Gublers Blog

Bei einem unserer Overlander-Treffen in Cartegena kam Kolumbiens erstes „Overland Fest“ ins Gespräch. Es sollte von da an in etwa sechs Wochen in Puerto Berrio stattfinden. Warum sollten wir nicht alle wieder zusammenkommen und daran teilnehmen? Schliesslich gab es Freikarten für Ausländer. Wir stimmten alle begeistert zu und meldeten uns an.

Wir konnten nicht ahnen, dass es von diesem Moment an sehr hektisch für uns werden würde. Da es sich um das erste Overland-Festival des Landes handelte, gab es viel Werbung. Den Organisatoren wurde schnell klar, dass wir eine Familie sind, die seit drei Jahren unterwegs waren, und sie wollten uns auf ‚Sendung‘ bringen. Wir wurden zu einem Interview für das nationale Radio eingeladen, aber um dabei zu sein, mussten wir 1600 km nach Medellin reisen und hatten nur zwei Wochen Zeit, um dorthin zu gelangen. Wir sagten trotzdem zu!

Die kolumbianische Karibikküste liessen wir uns dennoch nicht entgehen und stellten sicher, dass wir zunächst etwas Zeit in Santa Marta verbrachten.

Unsere Route führte uns durch Barranquilla, Shakiras Heimatstadt. Die berühmteste Popsängerin Lateinamerikas war an diesem Tag zwar nicht anwesend, aber wir fanden einen Schlosser, der uns einen Schlüssel für unsere Dachbox nachmachen konnte. Notiz an mich selbst: Versuche nie eine Flasche Bier mit einem Schlüssel zu öffnen! Es war eine ziemliche Herausforderung, den Schlüssel nachzubilden, da beim Öffnen der Flasche ein wichtiges Bestandteil abgebrochen ist und verloren ging. Aber diese Meister geben nicht auf und zwei Cafe Tintos später (wir fanden schnell heraus, dass dieser kleine Plastikbecher mit schwarzem Kaffee tatsächlich der Lieblingsdrink Kolumbiens ist), konnten wir mit Zugang zu unserer Winterausrüstung losfahren.

… Allerdings brauchten wir die Skijacken aus der Dachbox in Santa Marta nicht! Mensch, war diese Strecke heiss und feucht! Die Bucht war atemberaubend und wir gesellten uns zu den Schnorchlern in dieses ruhige, türkisfarbene, warme Wasser.
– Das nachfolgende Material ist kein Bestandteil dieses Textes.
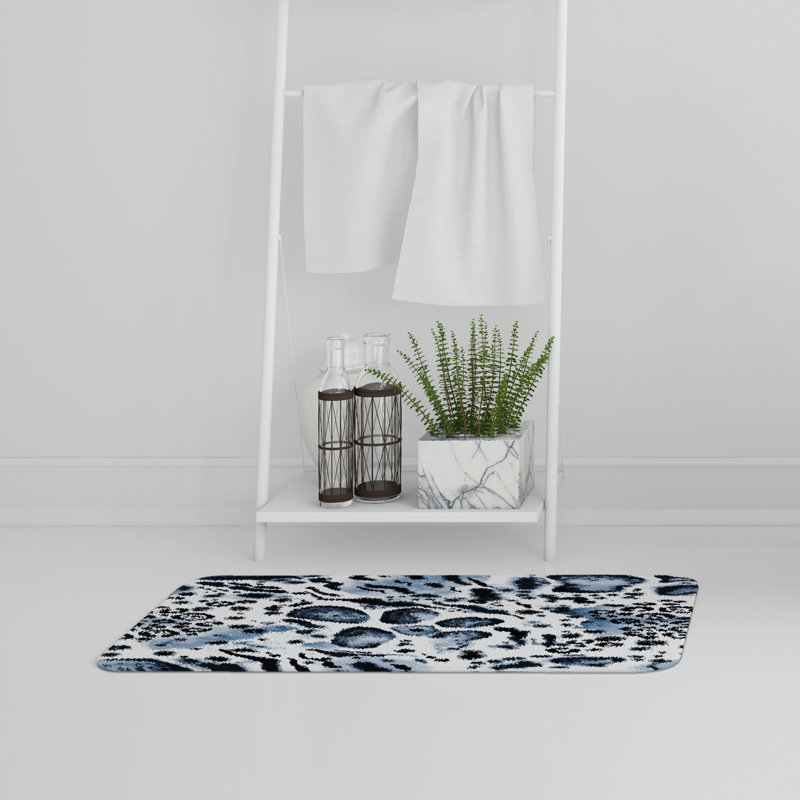 Vankirk Non-Slip Bath Rug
Auf dem Weg nach Süden war unser nächster Stopp ein ‚Balneario‘ in der Nähe von Aguachica. Dies war unsere erste Begegnung mit den äusserst neugierigen und gastfreundlichen Kolumbianern. Es ging einfach nicht, nur eine Nacht bei diesem Schwimmbad zu verbringen! Sie hatten ihre eigene Agenda für uns. „Für Sancocho müsst ihr noch einen Tag bleiben!“ Sie bestanden darauf.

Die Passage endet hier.